Les travailleurs des pays latins, où l'Internationale avait alors ses principaux soutiens, développèrent leur mouvement sur la base de l'organisation de combat économique et des groupes de propagande socialiste, œuvrant dans le sens des décisions du congrès de Bâle. Reconnaissant dans l'État l'agent politique et le défenseur des classes possédantes, ils ne recherchèrent pas la conquête du pouvoir politique, mais l'écrasement de l'État et la suppression du pouvoir politique sous toutes ses formes, dans lequel ils voyaient avec un instinct sûr la condition première de toute tyrannie et de toute exploitation. Aussi ne songèrent-ils pas à imiter la bourgeoisie et à fonder un parti politique, ouvrant ainsi la voie à une nouvelle classe de politiciens de métier. Leur but était la conquête de l'atelier, de la terre et du sol, et ils se rendaient fort bien compte que ce but les séparait fondamentalement de l'activité politique (de la « politique ») de la bourgeoisie radicale, toute entière axée sur la conquête du pouvoir gouvernemental. Ils comprenaient que le monopole du pouvoir devait tomber en même temps que celui de la propriété et que c'est l'ensemble de la vie sociale qui devait être construit sur de nouvelles bases. Ayant reconnu que la domination de l'homme sur l'homme avait fait son temps, ils cherchaient à se familiariser avec l'idée de l'administration des choses.
Ainsi opposait-on à la politique d'État des partis la politique économique du travail. On avait compris que c'est dans les entreprises et les industries elles-mêmes qu'une réorganisation de la société dans le sens socialiste devait être entreprise et c'est de l'assimilation de cette idée que naquit celle des conseils. Dans les réunions, les journaux et les brochures de l'aile libertaire de l'Internationale, rassemblée autour de Bakounine et de ses amis, ces idées trouvèrent clarification et approfondissement. Elles furent développées de manière particulièrement claire aux congrès de la Fédération espagnole où apparurent les termes de Juntas y consejos del trabajo (communes et conseils du travail).
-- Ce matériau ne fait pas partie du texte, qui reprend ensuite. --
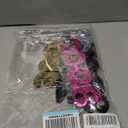 SWYOUN 2026 Plastic Glasses Happy New Year's Eve Glasses Graduation 2026 Class Of 2026 Party Photo Prop Supplies (Pack Of 6)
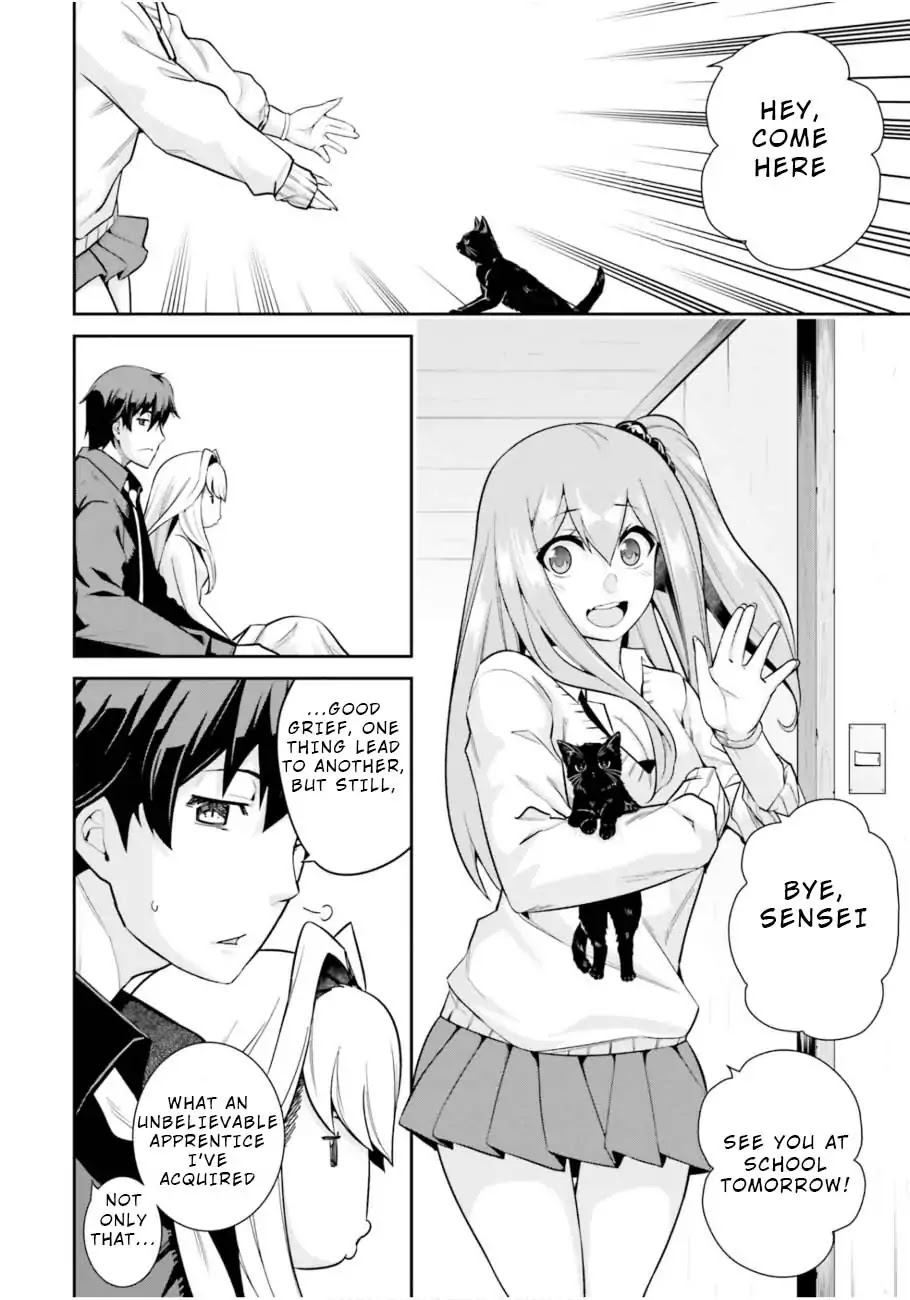 After School Bitchcraft Chapter 3 page 10 - Chapter 3: Vol.1 Episode 3
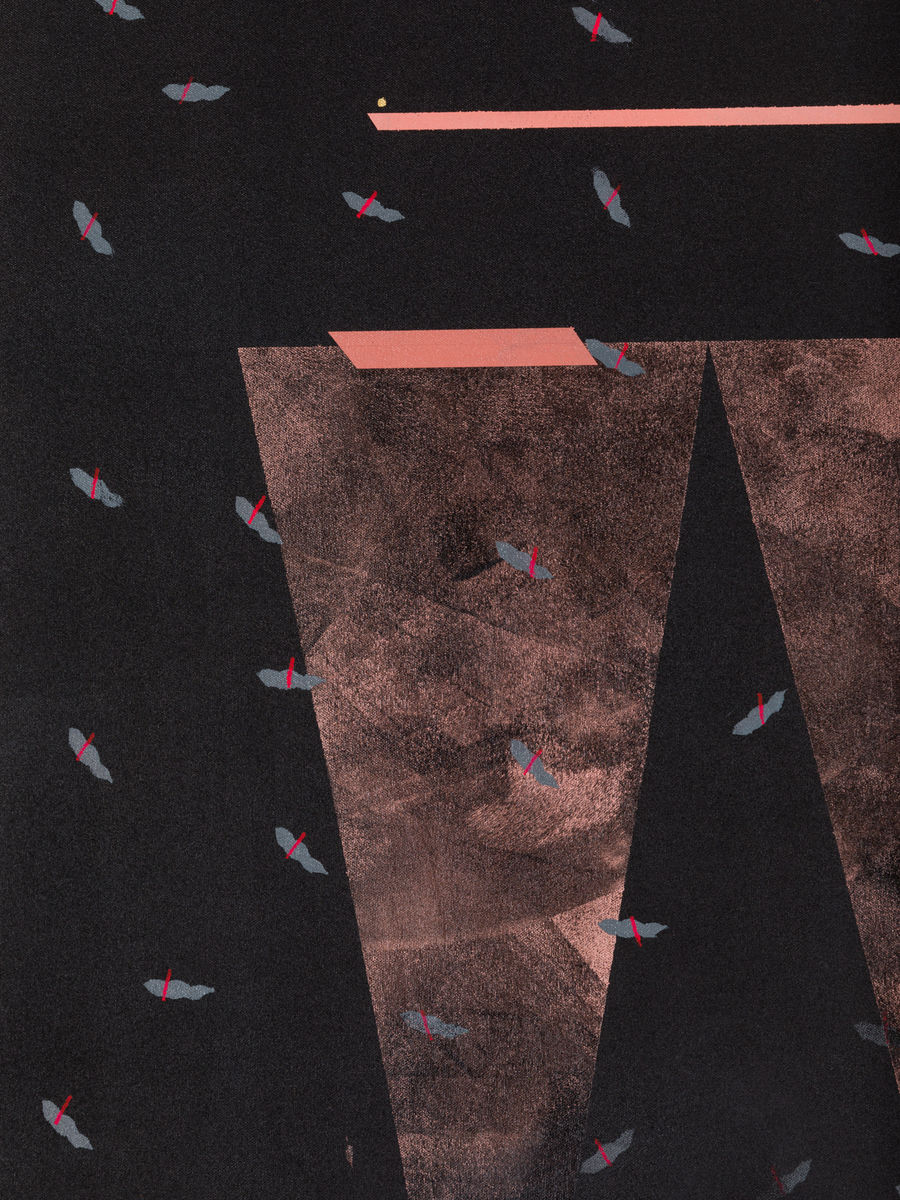 Caroline Kent; To repeat a movement; To make a monument; 2017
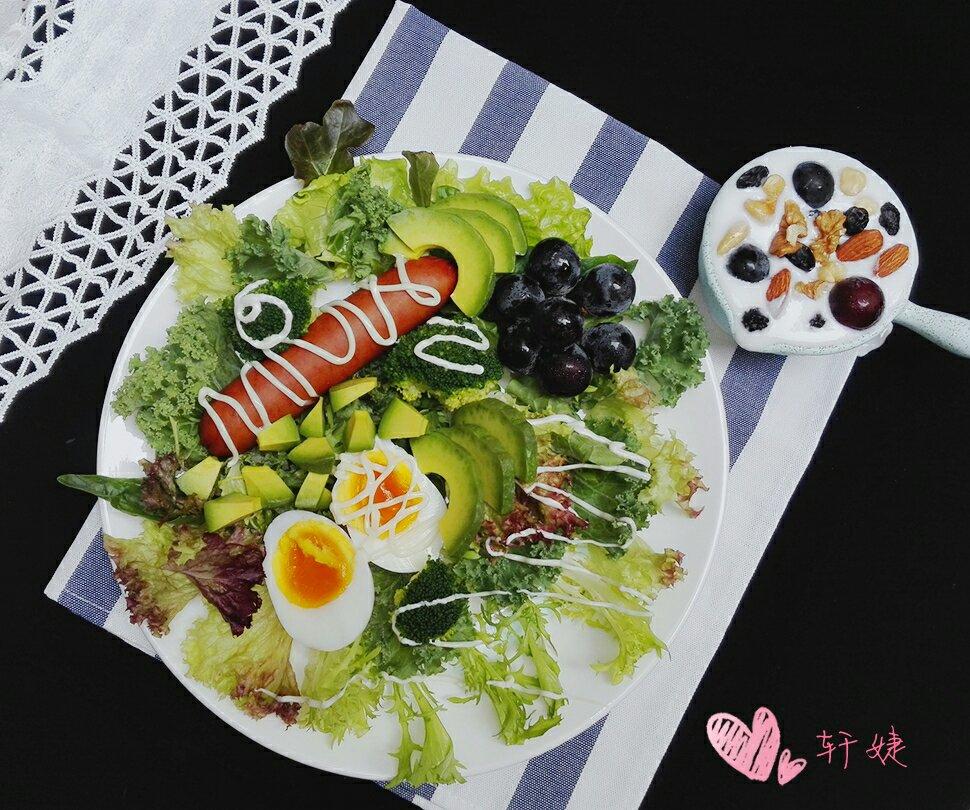 抗日果蔬沙拉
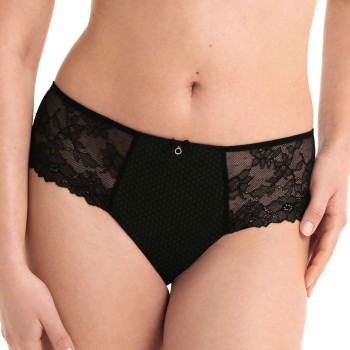 Rosa Faia Trusser Eloise Shorty With Lace Sort nylon 42 Dame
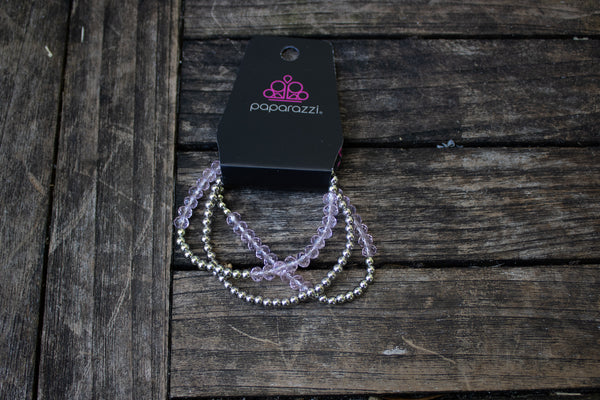 Vintage Pink Bracelet Set-Jewelry-Paparazzi Accessories-Ericka C Wise, $5 Jewelry Paparazzi accessories jewelry ericka champion wise elite consultant life of the party fashion fix lead and nickel free florida palm bay melbourne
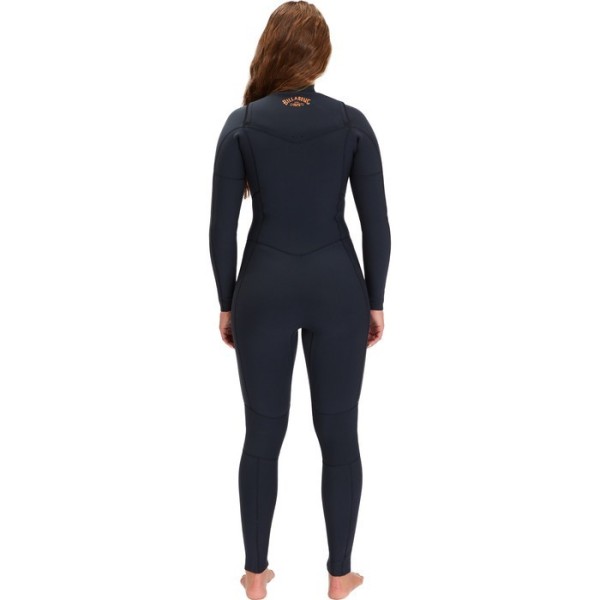 Billabong Salty Dayz Natural 4/3mm Chest Zip 
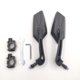 thumbnail image 2 of Espejo De Bicicleta 360 ° Giratorio Y Plegable Lente De Vidrio Resistente A Los Arañazos Blu ray Accesorios Espejo De Bicicleta Montaje Del Manillar Espejos De Bicicleta 2pcs, 2 of 3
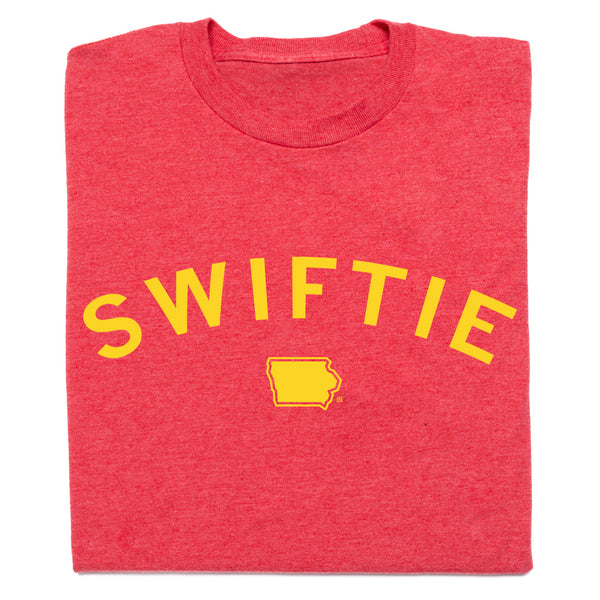 Iowa Swiftie Red & Gold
Les conceptions opposées de Marx-Engels et de Bakounine
La tendance libertaire dans l'Internationale comprenait parfaitement que le socialisme ne peut être dicté par aucun gouvernement, qu'il doit au contraire se développer organiquement et de bas en haut à partir et au sein des masses travailleuses et que les travailleurs eux-mêmes doivent prendre en main l'administration de la production et de la distribution. C'est cette idée qu'ils opposèrent au socialisme d'État des politiciens socialistes de parti et ces contradictions internes entre centralisme et fédéralisme, ces deux conceptions opposées du rôle de l'État comme facteur de transition au socialisme, constituèrent le point central de la querelle entre Bakounine et ses amis, et Marx et le conseil général de Londres, qui devait se terminer par la scission de la grande union des travailleurs. Il ne s'agissait pas là d'oppositions personnelles, bien que Marx et Engels n'aient presque uniquement employé contre les bakouninistes que les mises en suspicion personnelles les plus odieuses, mais de deux conceptions différentes du socialisme et, plus particulièrement, de deux voies d'accès différentes au socialisme. Marx et Bakounine ne furent que les deux plus éminents représentants dans cette lutte pour des principes fondamentaux, le différend aurait surgi aussi sans eux. Ce n'est donc pas en tant qu'opposition de deux hommes, ou la question s'épuiserait, mais de deux courants d'idées, qu'il avait et conserve encore aujourd'hui son importance.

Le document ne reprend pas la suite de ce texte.